Стоуни поднялся и подошел к столу, чтобы сделать бутерброд с арахисовым маслом. Он поглядел в ночь за окном. Если бы здесь был телефон, он позвонил бы Лурдес и сказал, что сейчас придет и заберет ее. Он сказал бы ей, что правильно украл у матери эти деньги, их счастье стоит того, чтобы потом мучиться в аду. Оно стоит этого греха. Оно стоит того, чтобы разок солгать, украсть и притвориться, будто они все делают верно. Вселенная ждет от них этого. Вселенная создана для тех, кто берет, когда приходит время, для тех, кто выскакивает и хватает, если это требуется для счастья. Счастье превыше всего.
Он увидел свое отражение в окне. Оно сейчас не походило на отражение Стоуни Кроуфорда.
В крики ночных птиц в лесу влился далекий гудок поезда, ползущего из Мистика на север, в Провиденс. Температура понизилась до тридцати восьми градусов, пронзительный ветер срывал последние листья с деревьев на Хай-стрит, несся по прилегающим к ней переулкам. Дубы и клены цеплялись за свои пестрые листья, впереди их еще ждали схватки с первыми зимними ветрами с моря. Облака пробегали по лику луны, похожие на фату невесты, они скрывали ее красоту, оберегали ее невинность и придавали ей еще больше загадочности.
— Джонни Миракл!
Голос прогрохотал с набегающих туч.
— Джонни Миракл! — вновь прокатилось раскатом грома между деревьями, тянущимися к лунному сиянию.
Джонни Миракл стоял, дрожа, на Уотер-стрит, рядом с чайной «Синяя собака». Голос звучал и снаружи, и внутри его. Он грохотал громче любого прибоя, какой ему доводилось слышать.
— Что? — спросил он, задирая голову к небу. — Что?
Небо поглощало все звуки, вылетающие из его рта, пока его голос не сделался похожим на блеянье ягненка.

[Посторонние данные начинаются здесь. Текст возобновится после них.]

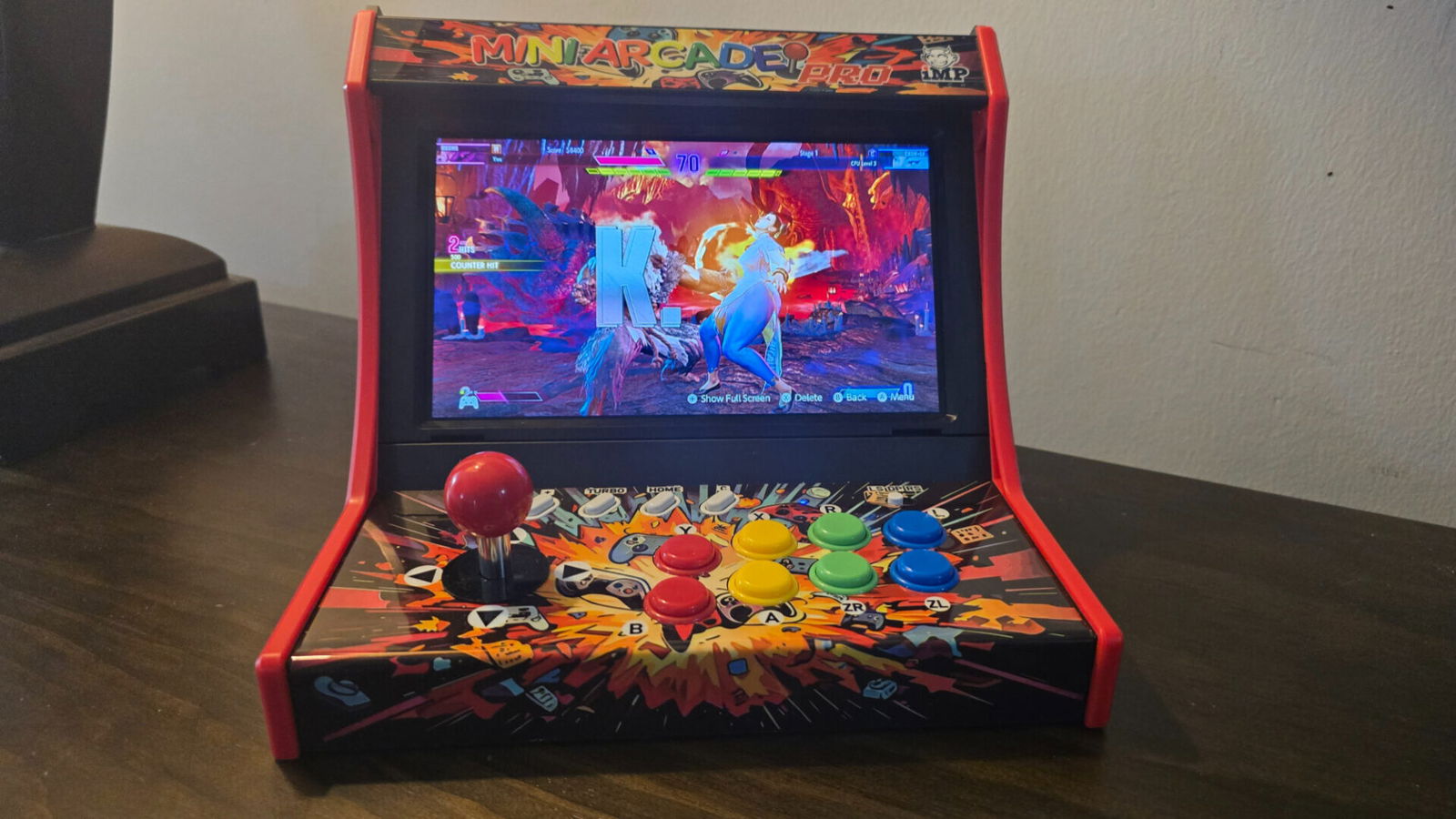 Comparing the Experience: Cabinet vs. Standard Controllers - visual representation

Он оглянулся на проходившую мимо женщину с коляской, на пожилую даму, которая наблюдала за ним из-за рекламного щита конторы «Недвижимость Харпера». А, так они просто призраки! Уже поздно, никто не наблюдает за ним, на улице никого нет, но во всполохах молний он видел их, людей, стоящих там с разинутыми ртами… Он заморгал, и они исчезли, эти наблюдатели, соглядатаи тех…
Те были злыми, те были людьми, заставившими его сделать это. Джонни часто зажигал спички, чтобы прогнать их, поджигал кучи сухих листьев, поджигал урны с мусором, иногда обжигал себе пальцы. Огонь прогонял тех, огонь отпугивал тех. Он вечно набивал карманы и растоптанные башмаки коробками спичек, чтобы в случае необходимости разжечь огонь прямо перед носом у тех. Те настолько боялись огня, что временами это даже изумляло его. Бог говорил ему, огонь иногда очищает. Бог говорил, огонь побеждает тьму, а если кто-то и был темным, так это те.
Оставшись снова в од иночестве, в ночи, Джонни Миракл поднял к небу руки. Начали падать первые капли дождя. Он попытался зажечь несколько спичек, чтобы прогнать тьму, но дождь не позволил.
— Господи, Боже! — проблеял Джонни. — Что ты наделал?
И голос ответил ему, зашептал, защекотал ухо.
Этот голос всегда звучал внутри его.
Каждую ночь последние пятнадцать лет.
У него в голове образы всплывали и кружились, словно картинки в многоцветном калейдоскопе, накладывались друг на друга.